Machine Learning in Bioinformatics

Machine Learning in Bioinformatics banner

Machine learning helps detect patterns in high-dimensional biological data and build predictive models for diagnosis, prognosis, and discovery.

Learning Goals

By the end of this chapter, you should be able to:

Explain key ML concepts with bioinformatics examples.
Distinguish supervised and unsupervised learning.
Choose suitable evaluation metrics.
Identify overfitting, data leakage, and class imbalance issues.

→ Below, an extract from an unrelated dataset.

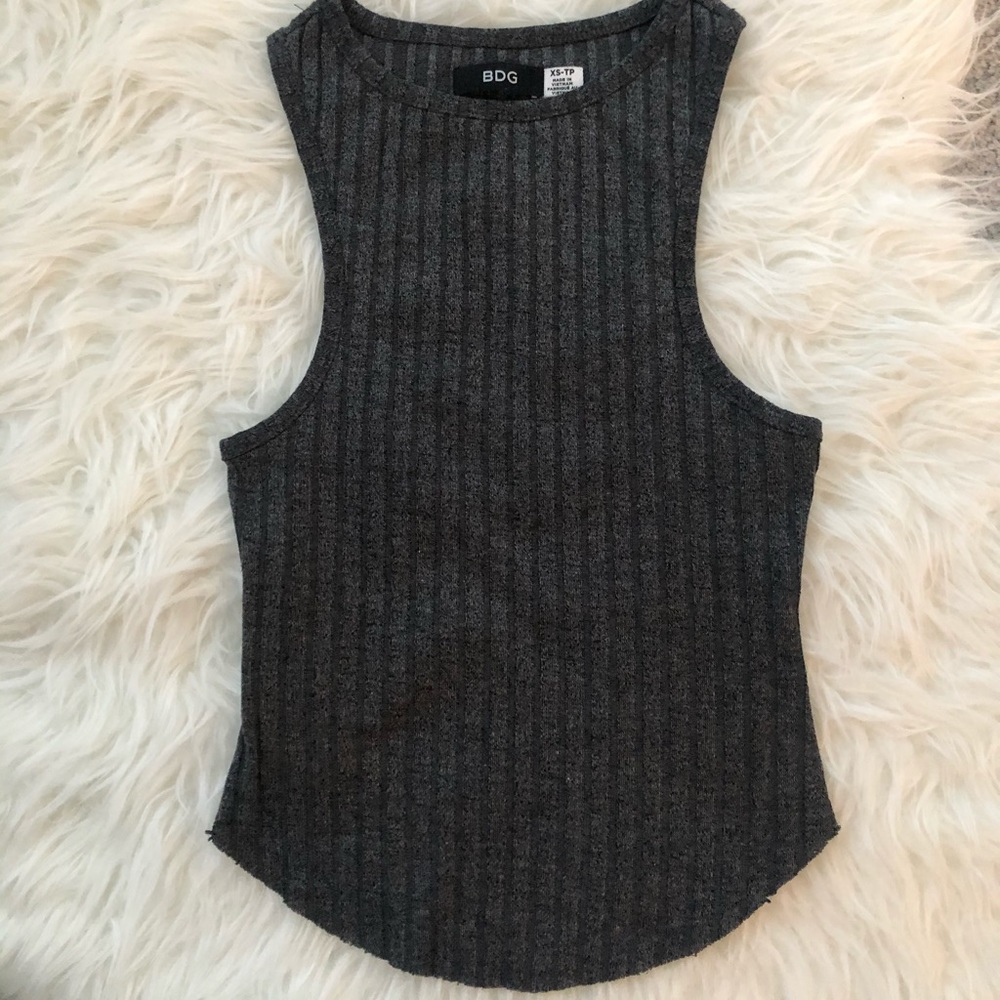 Urban Outfitters Grey Tank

When to Use Machine Learning

Use ML when:

You have many features (for example, thousands of genes).
Relationships are complex or non-linear.
Prediction is an explicit goal.

Do not use ML if a simple statistical model answers the question more clearly.

End-to-End ML Workflow

Machine Learning Workflow

Define prediction target (for example, disease vs. control).
Split data into train/validation/test sets.
Preprocess features (missing values, scaling, encoding).
Train baseline and advanced models.
Evaluate with appropriate metrics.
Interpret model outputs biologically.
Validate on external data when possible.

Supervised Learning

Used when labels are known.

Tasks:

Classification: tumor subtype, responder/non-responder
Regression: continuous outcomes (for example, survival risk score)

Common algorithms:

Logistic Regression
Random Forest
Support Vector Machine
Gradient Boosting
Neural Networks

Complete Classification Pipeline

import pandas as pd
import numpy as np
from sklearn.model_selection import train_test_split, StratifiedKFold, cross_val_score
from sklearn.preprocessing import StandardScaler
from sklearn.pipeline import Pipeline
from sklearn.linear_model import LogisticRegression
from sklearn.ensemble import RandomForestClassifier, GradientBoostingClassifier
from sklearn.svm import SVC
from sklearn.metrics import classification_report, roc_auc_score, roc_curve
import matplotlib.pyplot as plt

# Load data
X = pd.read_csv("expression_matrix.csv", index_col=0)  # genes x samples
y = pd.read_csv("labels.csv")["condition"].values  # 0/1 labels

# CORRECT: Split BEFORE any preprocessing
X_train, X_test, y_train, y_test = train_test_split(
    X, y, test_size=0.2, random_state=42, stratify=y
)

# Build pipeline (scaling inside CV loop prevents leakage)
pipelines = {
    "Logistic Regression": Pipeline([
        ("scaler", StandardScaler()),
        ("clf", LogisticRegression(penalty="l1", solver="saga", max_iter=1000))
    ]),
    "Random Forest": Pipeline([
        ("clf", RandomForestClassifier(n_estimators=200, random_state=42))
    ]),
    "SVM": Pipeline([
        ("scaler", StandardScaler()),
        ("clf", SVC(kernel="rbf", probability=True))
    ]),
    "Gradient Boosting": Pipeline([
        ("clf", GradientBoostingClassifier(n_estimators=100, random_state=42))
    ])
}

# Cross-validation comparison
cv = StratifiedKFold(n_splits=5, shuffle=True, random_state=42)

results = {}
for name, pipeline in pipelines.items():
    scores = cross_val_score(pipeline, X_train, y_train, cv=cv, scoring="roc_auc")
    results[name] = scores
    print(f"{name}: AUC = {scores.mean():.3f} ± {scores.std():.3f}")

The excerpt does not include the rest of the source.